Ethereum (ETH-USD) opened at $2,139.63 against Wednesday's close of $2,138.74 and fell to $2,030 within hours — a 4.4% decline that accelerated as geopolitical risk repricing swept through every risk asset class simultaneously. Solana (SOL-USD) fell as much as 6.18% to $77.60, the steepest single-session decline among major tokens. XRP (XRP-USD) dropped 5.19% to $1.29, with the $1.30 support level cracking under sustained selling pressure after a recovery attempt stalled at $1.37 on Monday. Dogecoin (DOGE-USD) fell 3.66% to $0.0898. Shiba Inu (SHIB-USD) dropped 3.81%. Across the board, virtually every token except stablecoin Tether (USDT) was in the red, confirming this is a market-wide risk-off liquidation event rather than anything idiosyncratic to Bitcoin (BTC-USD).
The breadth and simultaneity of the selloff eliminate any possibility that Bitcoin is experiencing isolated selling pressure. What is happening Thursday is a macro-driven rotation out of everything with volatility and into dollars, short-duration instruments, and energy commodities.
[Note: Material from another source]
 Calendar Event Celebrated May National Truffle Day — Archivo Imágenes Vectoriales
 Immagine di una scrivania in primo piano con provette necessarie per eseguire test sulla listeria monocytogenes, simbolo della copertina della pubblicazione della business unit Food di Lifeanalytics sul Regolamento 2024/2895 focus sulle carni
Bitcoin (BTC-USD) is being treated by the largest institutional desks in the world as a high-beta risk proxy — not a store of value, not digital gold, not a geopolitical hedge — and the price action is confirming that classification with uncomfortable precision.
Trump's Wednesday Night Address Did More Damage to Bitcoin (BTC-USD) Than Any On-Chain Event This Year
The proximate cause of Thursday's selloff in Bitcoin is unambiguous. President Trump's primetime address Wednesday night delivered exactly the wrong message for every risk asset. Rather than building on Tuesday's ceasefire signals — when Trump told reporters he expected US military forces to exit Iran within two to three weeks and acknowledged Iran's ceasefire offer — the speech walked back every constructive development and replaced diplomatic language with explicit military escalation. Trump told the nation that the US would hit Iran "extremely hard" over the next two to three weeks, threatened strikes on Iranian power plants, and described the objective as sending the country "back to the stone ages." No concrete withdrawal timeline. No diplomatic architecture for reopening the Strait of Hormuz. No framework for ending the energy disruption that has driven Brent crude (BZ=F) up roughly 50% since the war began in late February.
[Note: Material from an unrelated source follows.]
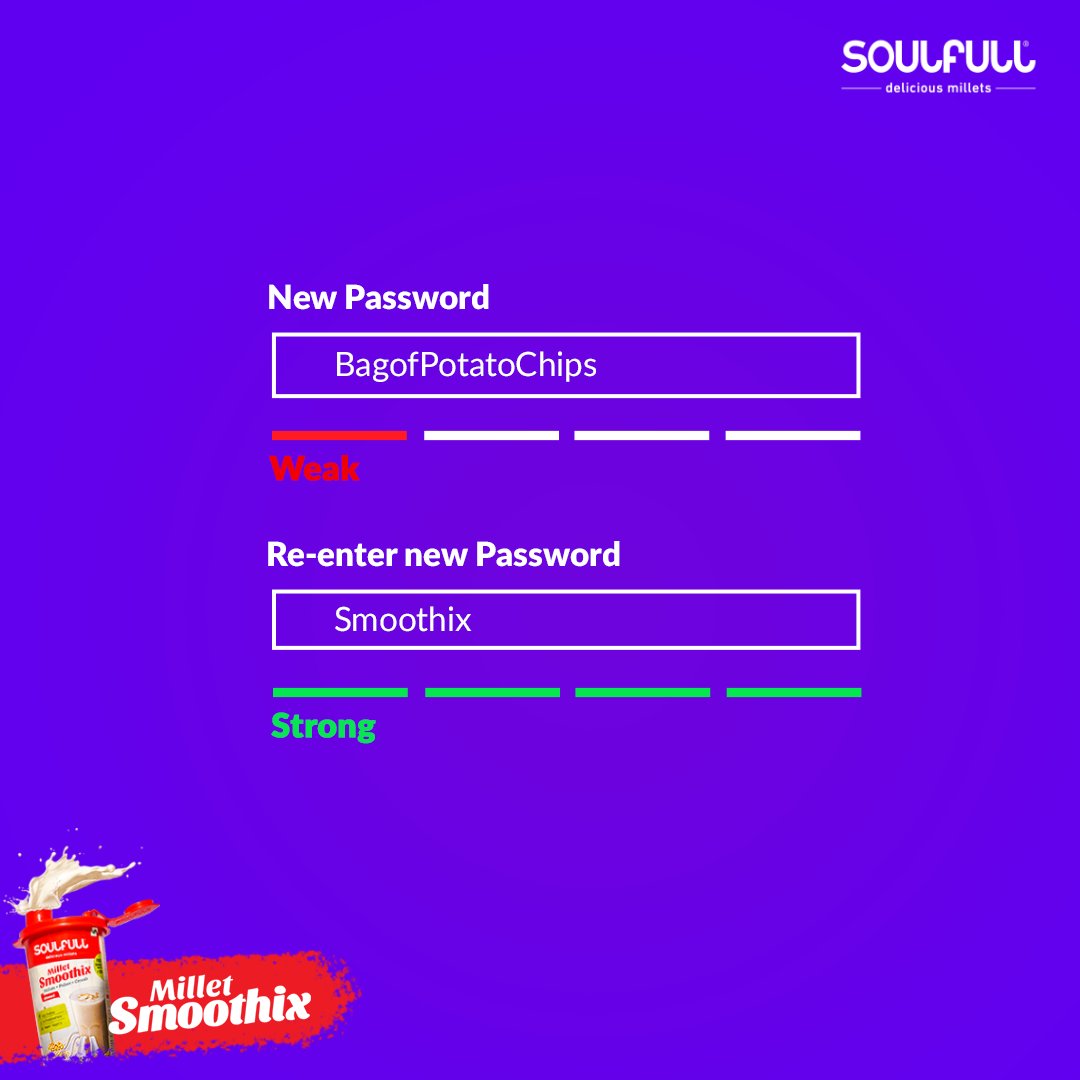 SoulfulSmoothix's tweet photo. If you are scared of hunger hacks, keep a Smoothix password handy!
.
.
#SoulfullSmoothix #Smoothix #ShakeYourHungerAway #Smartshake #Supershake #Smartfood #Soulfull 
#MilletSmoothix #Nopreservatives  #Highprotein #Midmealssnacks  #Snacksbetweenmeetings #Topicalpost #Trendingpost https://t.co/2rV8O9tfgC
The market's response was immediate and severe across every asset class. MSCI's Asia Pacific index reversed a prior session rebound to fall 1.7%. The S&P 500 (^GSPC) opened down 1.3%. The Nasdaq Composite (^IXIC) fell 2.2% at the open. Brent crude (BZ=F) surged more than 5% to above $106 per barrel as traders priced in prolonged Strait of Hormuz disruption. The US dollar strengthened broadly as the competing safe-haven trade, creating direct mechanical downward pressure on Bitcoin (BTC-USD) and every other dollar-denominated non-yielding asset simultaneously. Gold (GC=F) fell more than 2% on the same session — confirming that dollar strength is overriding traditional safe-haven dynamics across multiple asset classes at once. In that environment, Bitcoin had no defensive characteristic to fall back on.
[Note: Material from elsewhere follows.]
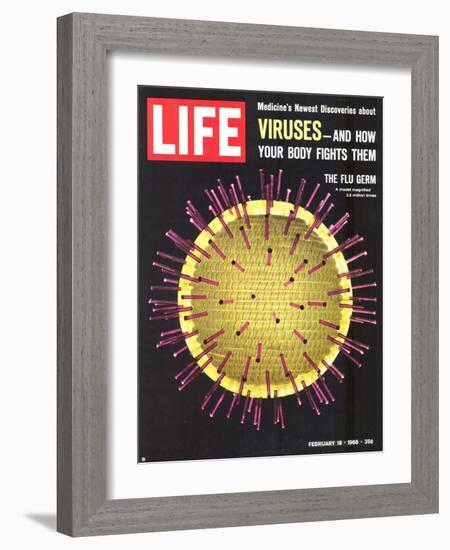Viruses, Model of Flu Virus, February 18, 1966-Yale Joel-Framed Photographic Print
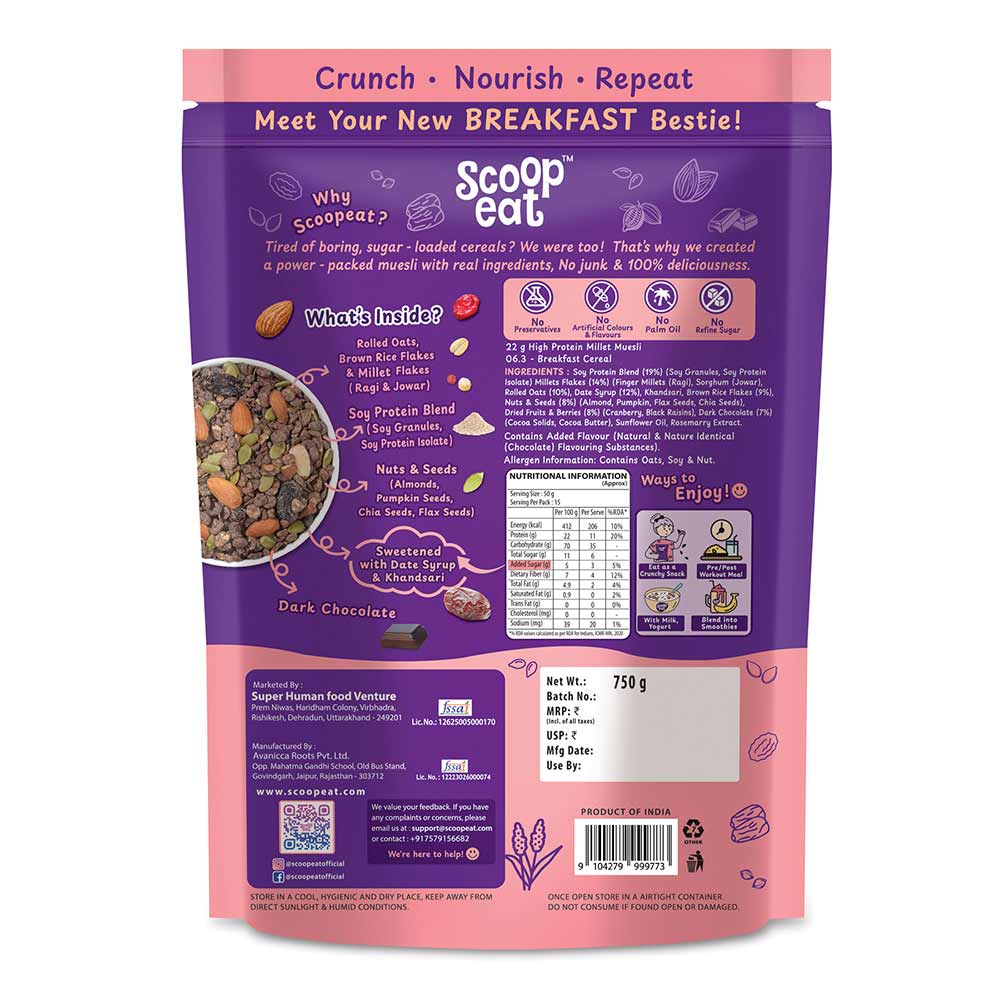 2 - Scoopeat Millet Muesli,  750 g  High Protein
The single most damaging data point for Bitcoin's safe-haven narrative right now is the 30-day rolling correlation between Bitcoin (BTC-USD) and the S&P 500 (^GSPC), which has spiked to 0.75 — its highest reading in months. A 0.75 correlation means Bitcoin is moving in near-lockstep with US equities, eliminating portfolio diversification value entirely and confirming that institutional desks are treating Bitcoin (BTC-USD) as a leveraged technology proxy. Caroline Mauron, co-founder of Orbit Markets, acknowledged that Bitcoin is largely following stocks' direction while noting that over the past few weeks it has shown reduced sensitivity to both positive and negative geopolitical developments. That reduced sensitivity is the one constructive signal in an otherwise bearish picture — but it did not prevent a $6,500 single-session decline on Thursday, which rather limits its practical value as a bullish talking point.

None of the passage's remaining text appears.